--- Extracted information Enclosed Below ---

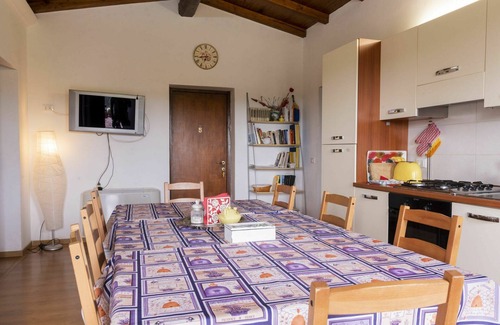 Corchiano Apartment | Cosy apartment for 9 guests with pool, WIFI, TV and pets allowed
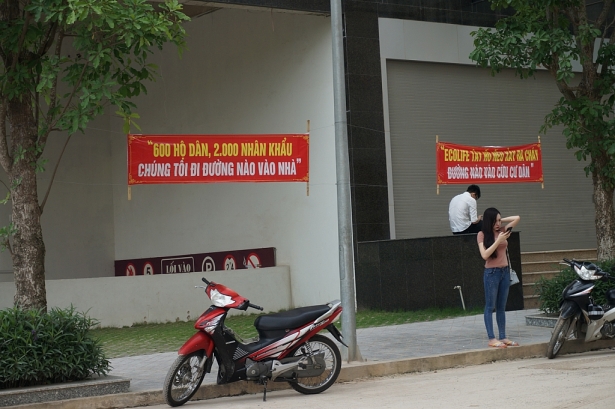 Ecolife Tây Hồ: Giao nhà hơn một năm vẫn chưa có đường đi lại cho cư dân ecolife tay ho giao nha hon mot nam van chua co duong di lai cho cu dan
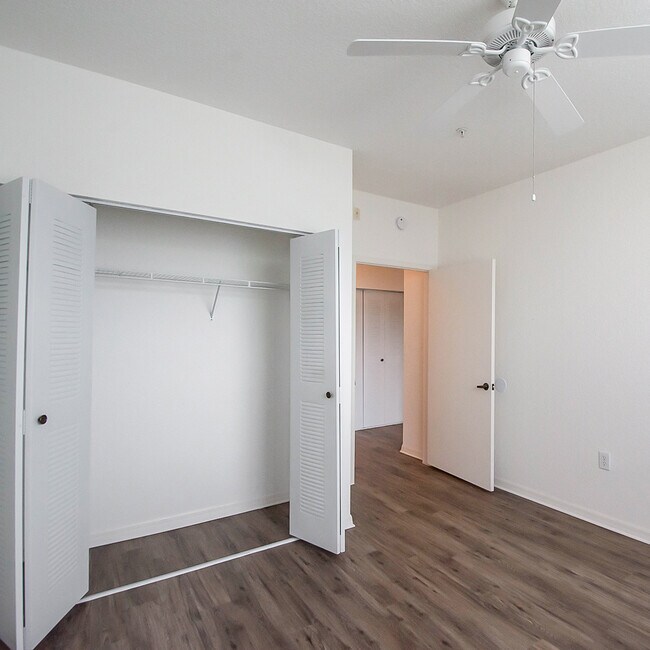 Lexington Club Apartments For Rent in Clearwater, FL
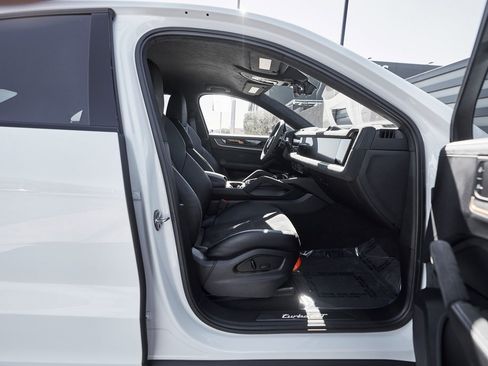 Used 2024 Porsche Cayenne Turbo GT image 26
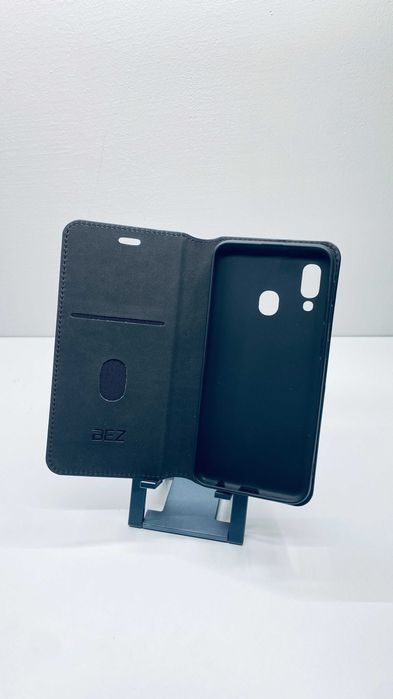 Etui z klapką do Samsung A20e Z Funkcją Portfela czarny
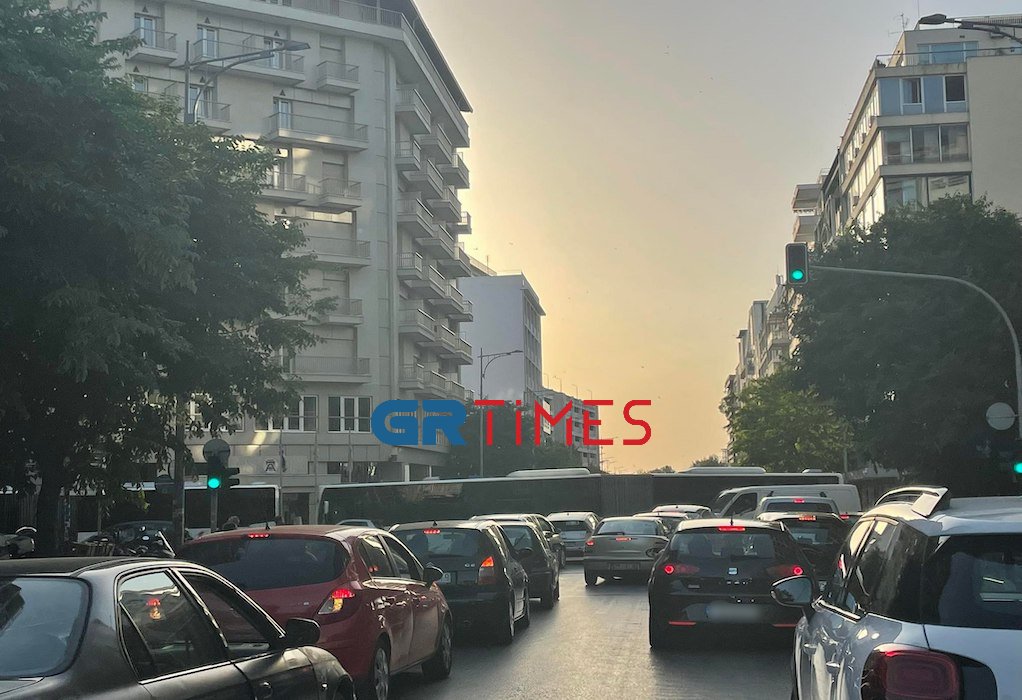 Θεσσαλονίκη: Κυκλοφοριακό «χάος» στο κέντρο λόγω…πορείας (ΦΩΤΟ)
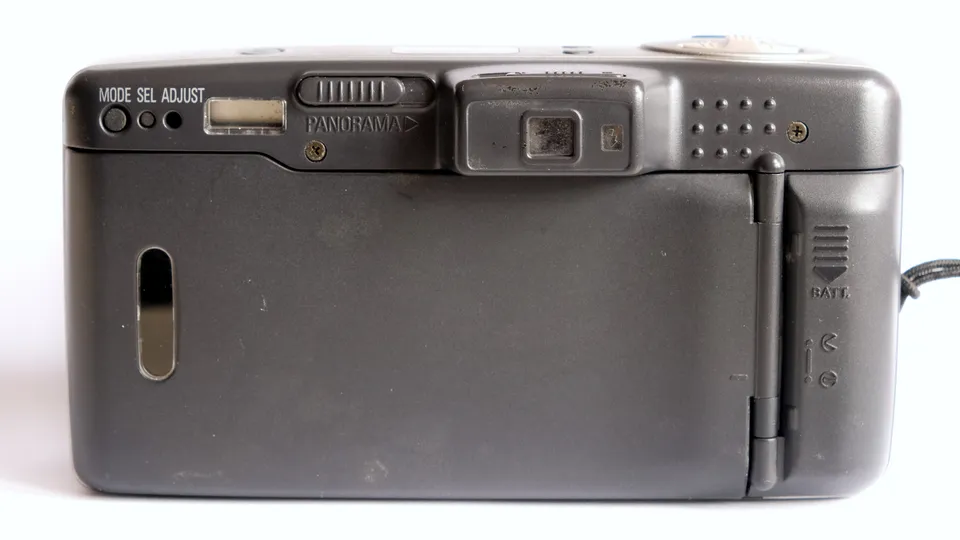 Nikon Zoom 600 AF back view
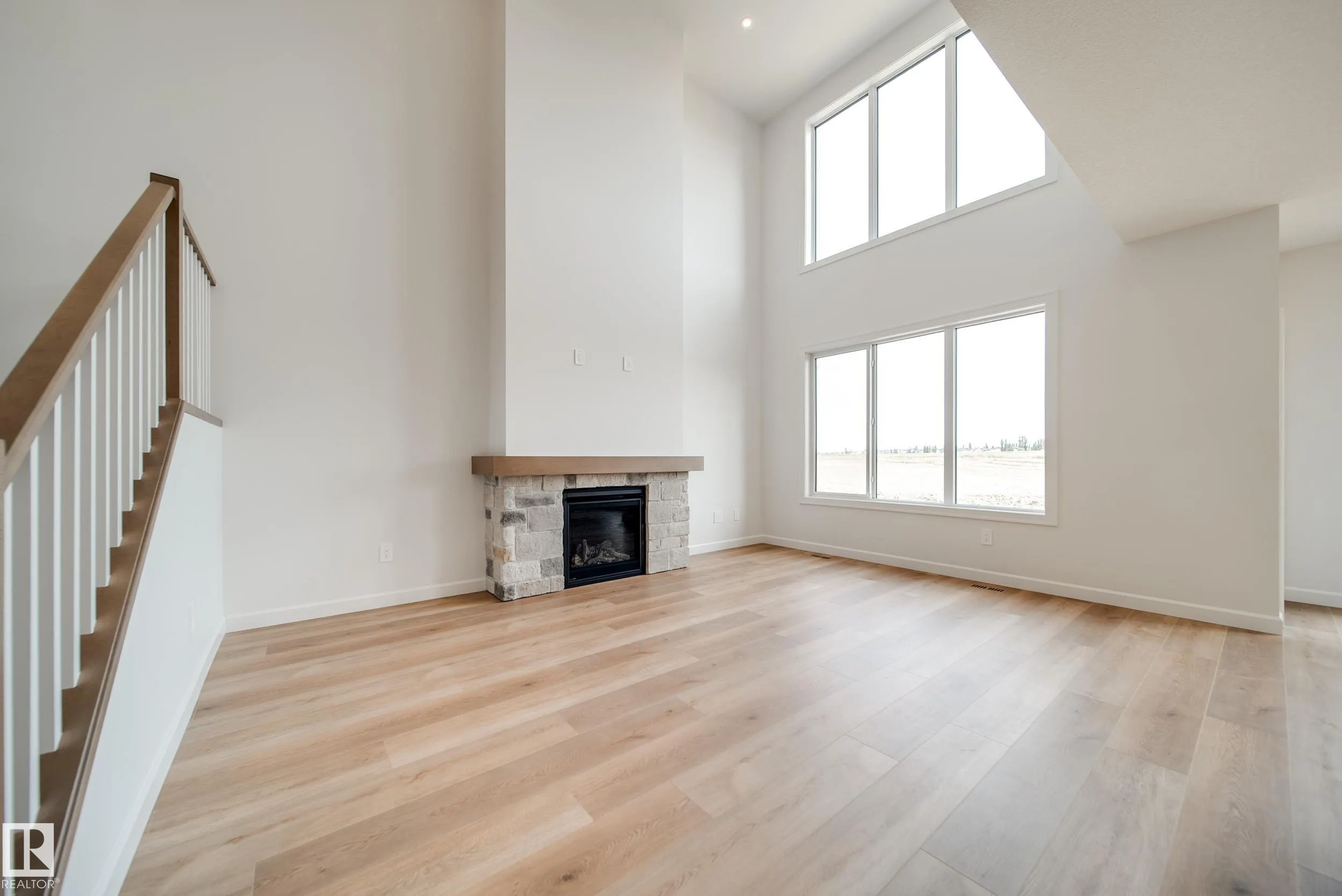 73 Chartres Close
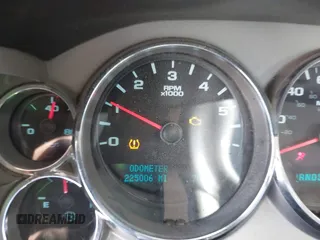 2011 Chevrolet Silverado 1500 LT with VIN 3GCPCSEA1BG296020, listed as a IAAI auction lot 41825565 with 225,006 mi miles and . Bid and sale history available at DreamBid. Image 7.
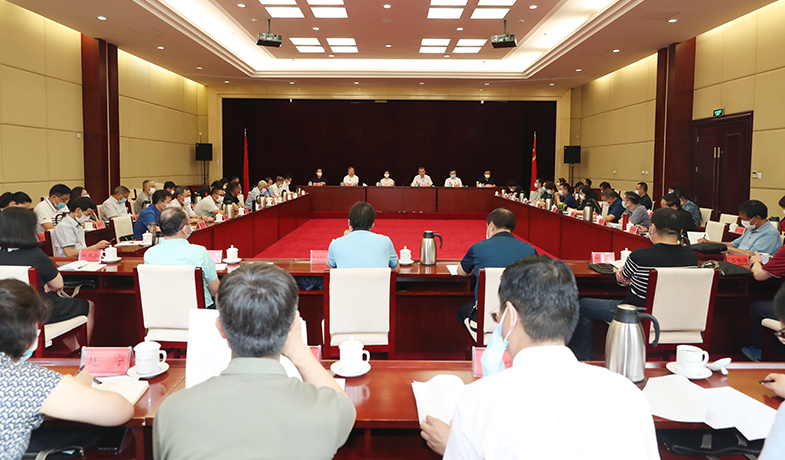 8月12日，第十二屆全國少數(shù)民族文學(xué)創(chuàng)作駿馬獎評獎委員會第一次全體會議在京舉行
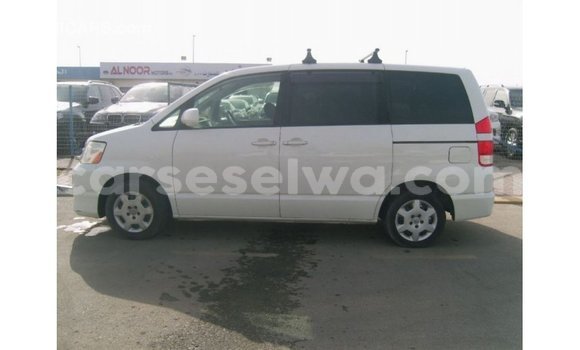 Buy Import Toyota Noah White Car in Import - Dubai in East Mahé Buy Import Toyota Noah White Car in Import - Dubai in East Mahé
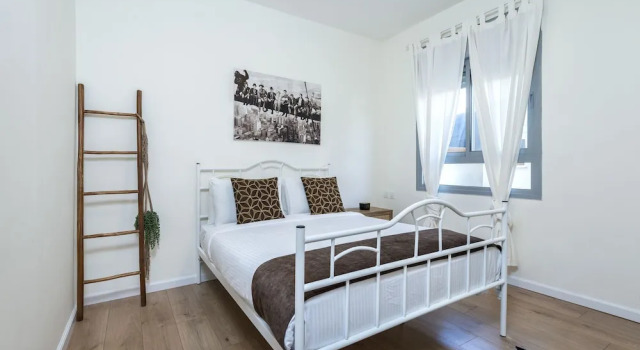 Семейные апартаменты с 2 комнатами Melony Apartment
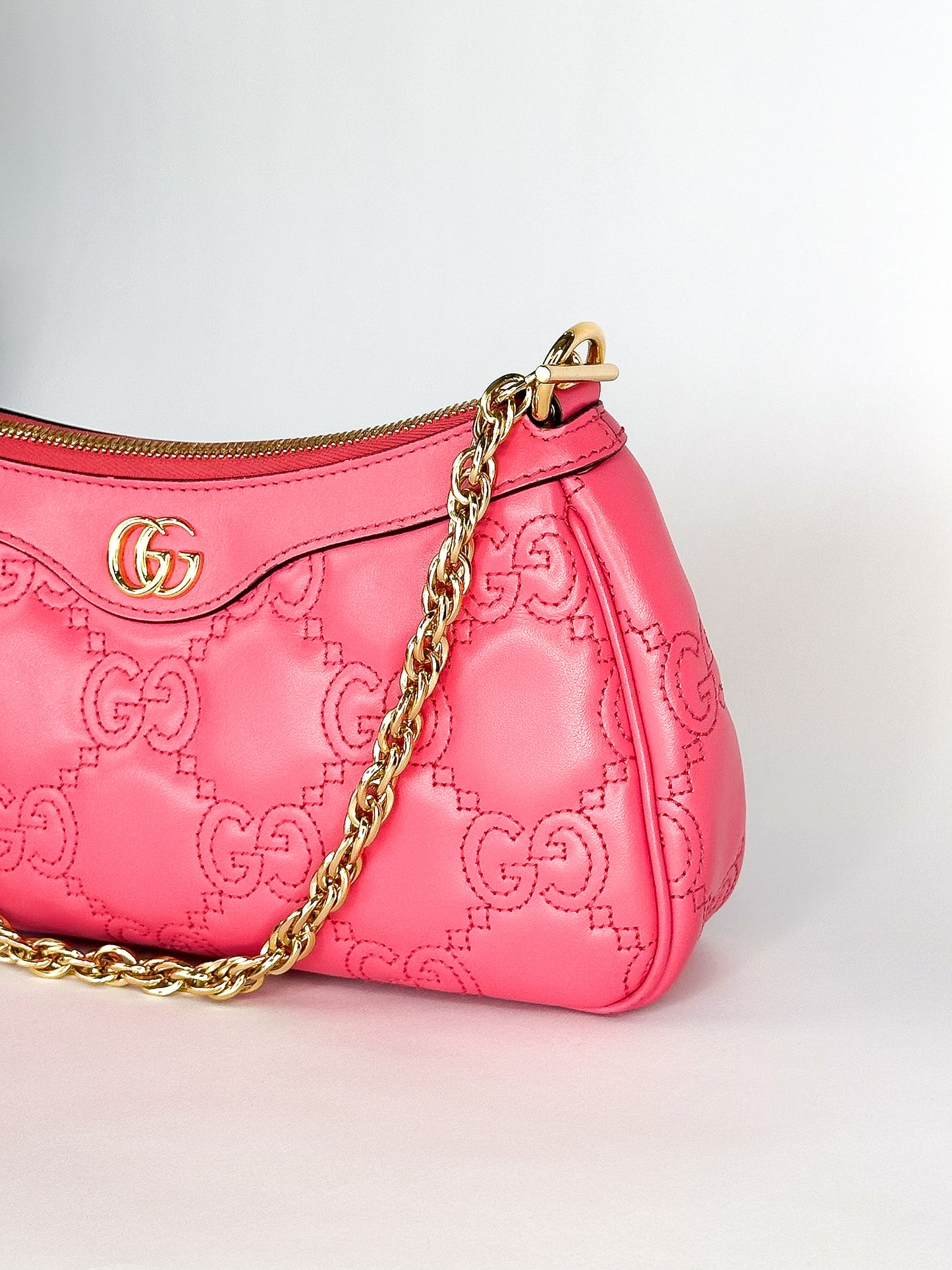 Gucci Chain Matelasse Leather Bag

--- End of Enclosed Extracted information ---

▸ To do:
Leave out the pictures and return every record word for word.

▸ Exercise result:
 Corchiano Apartment | Cosy apartment for 9 guests with pool, WIFI, TV and pets allowed
 Ecolife Tây Hồ: Giao nhà hơn một năm vẫn chưa có đường đi lại cho cư dân ecolife tay ho giao nha hon mot nam van chua co duong di lai cho cu dan
 Lexington Club Apartments For Rent in Clearwater, FL
 Used 2024 Porsche Cayenne Turbo GT image 26
 Etui z klapką do Samsung A20e Z Funkcją Portfela czarny
 Θεσσαλονίκη: Κυκλοφοριακό «χάος» στο κέντρο λόγω…πορείας (ΦΩΤΟ)
 Nikon Zoom 600 AF back view
 73 Chartres Close
 2011 Chevrolet Silverado 1500 LT with VIN 3GCPCSEA1BG296020, listed as a IAAI auction lot 41825565 with 225,006 mi miles and . Bid and sale history available at DreamBid. Image 7.
 8月12日，第十二屆全國少數(shù)民族文學(xué)創(chuàng)作駿馬獎評獎委員會第一次全體會議在京舉行
 Buy Import Toyota Noah White Car in Import - Dubai in East Mahé Buy Import Toyota Noah White Car in Import - Dubai in East Mahé
 Семейные апартаменты с 2 комнатами Melony Apartment
 Gucci Chain Matelasse Leather Bag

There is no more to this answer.